Creating Memories
One day I was sitting on our family swing and I asked my teenage boy, Christopher, “What's your earliest childhood memory?” To my surprise it was not the many trips we did as a family, it was of him playing his saxophone in elementary school. This got me thinking, what was my earliest childhood memory? I thought for a few moments and then remembered playing with my toy truck in an open field, but this memory was really short and rather hazy. Chances are if you think your earliest memory dates are from your first year, or even early in your second year, it's not real or at least not one you formed from the actual experience.
A child's ability to remember has been proven in 17- and 24-month-old infants. One hint that a child is starting to develop memory begins at the age of nine months when children become less willing to leave their parent.
Experiences create memories
When babies experience something for the first time, it stimulates the areas of their brains that are responsible for storing and retrieving memories. It also causes their brains to form new connections among the nerve cells. The more of these neural connections babies have, the more ways they have to process information. It's also important to let them figure out how to master some tasks on their own, such as how to handle blocks that keep tumbling. Think of your memories as little tiny bits of information that are pieced together. Adults have a fine-mesh net to catch the tiny bits of information, but babies have a large-holed net. The bits of information just simply slip through. What’s happening with the baby is that a lot of the information is escaping even as the baby is trying to get it organized and stabilized. It’s only around 24 months that children seem to have better nets.
Create memories through a story
A few months before age 2, children can retain memories of experiences that happened to them a year earlier, but they won’t retain those memories into adulthood. The average earliest memory doesn’t date until around 3½ years of age.
The word story is important here. Children are learning how to organize memories in a narrative, and in doing so, they are learning and making memories. As children learn those forms, their memories become more organized, and more organized memories are better retained over time.

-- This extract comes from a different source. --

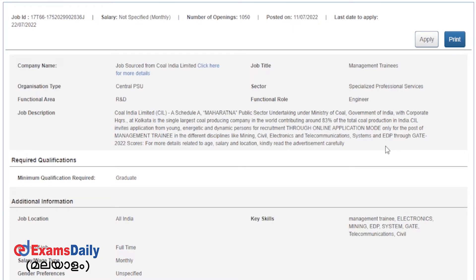Coal India Limited has released a different recruitment notification. Coal India Limited is a company. There is a management trainee post available, and you will have a role in the management team as a functional role.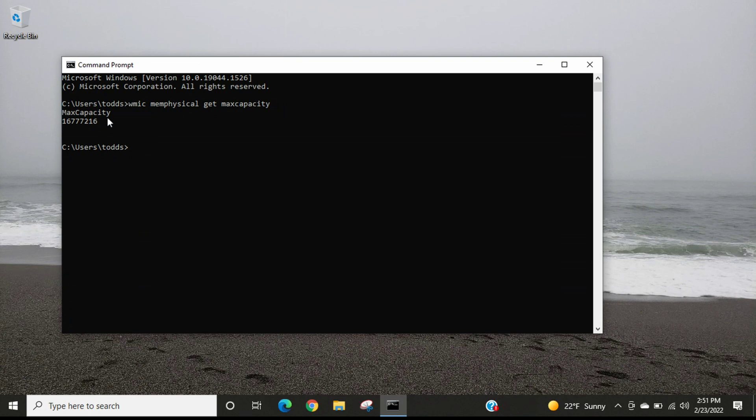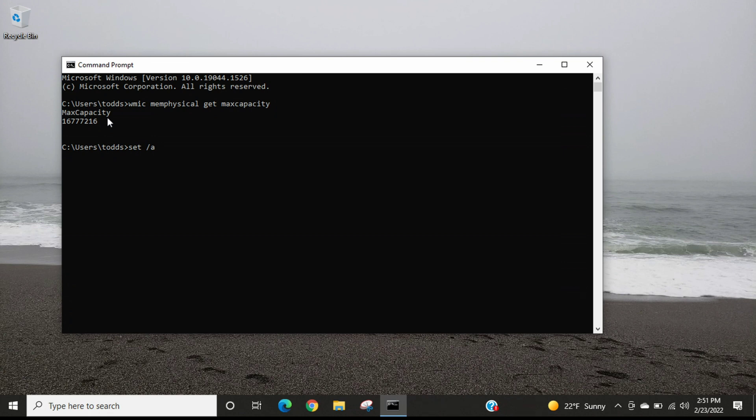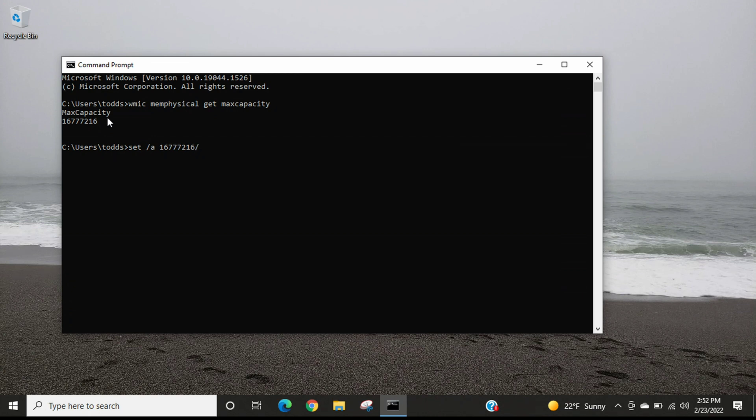What we're going to do is type in s-e-t, then a space, then the slash button, and then a, then a space. Then you're going to type in whatever number showed up for you. For me it was 16777216. Then we need to press the slash button, which also works as divide, and we're going to type in 1024. This will change the kilobytes into megabytes.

Talking to your children about the past in a story seems to be highly successful. Children begin to tell stories, and to process their experience in richer, more detailed ways.
Repeat, repeat, repeat
The young brain is fine tuning some of its already-formed connections, and that process requires repetition. Toddlers like to repeat actions over and over again. If your child learns that if they throw their cup from the highchair, it will fall to the ground. They do this over and over, not to annoy you but, to learn about cause and effect. Telling the same stories and singing the same songs over and over may feel boring to you, but it is not boring to children.
Young toddlers need repetition to help them remember information and build their memory. In order to learn how to do something well, your child may practice again and again until he gets it right. Once they have mastered a skill, they may repeat it just to enjoy the new learned skill. Repetition is a toddler’s way of learning and building trust.
Talk with your children
Children whose parents talk to them often have a larger vocabulary and start speaking sooner because they store many of these words in their memory. Try this: Whenever your child is saying a few new words, tell her yes, and add to it. So if they see a car you can say, “yes, that’s a car, it’s a big car, it’s a blue car.”
The more parents talk to their children, the faster the children’s vocabularies grow. Children need to hear language from birth, long before they can speak. Toddlers whose mother talk with them when they are infants have bigger vocabularies and a solid basis for later communication. Here are some ways you can expose your children to language:
- Play rhyming games together.
- Read aloud.
- Sing songs.
- Speak directly to your child and ask open-ended questions, not "yes" or "no" questions.
- Play a variety of music from different types of instruments, cultures or genres.
Introduce music
Children learn information more easily when it's paired with a melody. Music is also an effective, almost magical medium for learning and retaining information. It activates three different centers of the brain at the same time: language, hearing and rhythmic motor control. Music helps children and adolescents with attention problems in many ways:
- It can be used as a reward for desired behavior.
- It can be used to help enhance attention to “boring” academic tasks such as memorization, enhancing the interest of the lists to be memorized.
- Musical cues can be used to help organize activities; one kind of music for one activity (studying), another for a different activity (eating), and a third kind for heading to bed.
- Studies show that calming music can promote pro-social behavior and decrease impulsive behavior.
Music does not make us smarter, but it seems to prime our brains for certain kinds of thinking. The music pathways in our brain are similar to the pathways we use for spatial reasoning. When we listen to music, the spatial pathways are "turned on" and ready to be used. But the effect lasts only a short time. Our improved spatial skills fade within about an hour after we stop listening to the music. Learning to play an instrument can have longer-lasting effect on spatial reasoning. In several studies, children who took piano lessons for six months improved their ability to work puzzles and solve other spatial tasks by as much as 30 percent.
In closing, some parents are so concerned with a child's brain development that they buy expensive educational toys, videos, computers and language tapes. But before you do this, ask yourself, what does research suggest? Save your money. Too many new experiences or too much stimulation can cause stress and hinder a child's development. Children need freedom to explore on their own terms and not be exposed constantly to high levels of stimulation, such as watching television. The brain develops through hands-on experience during a lifetime; repetition of an experience tends to set neural connections.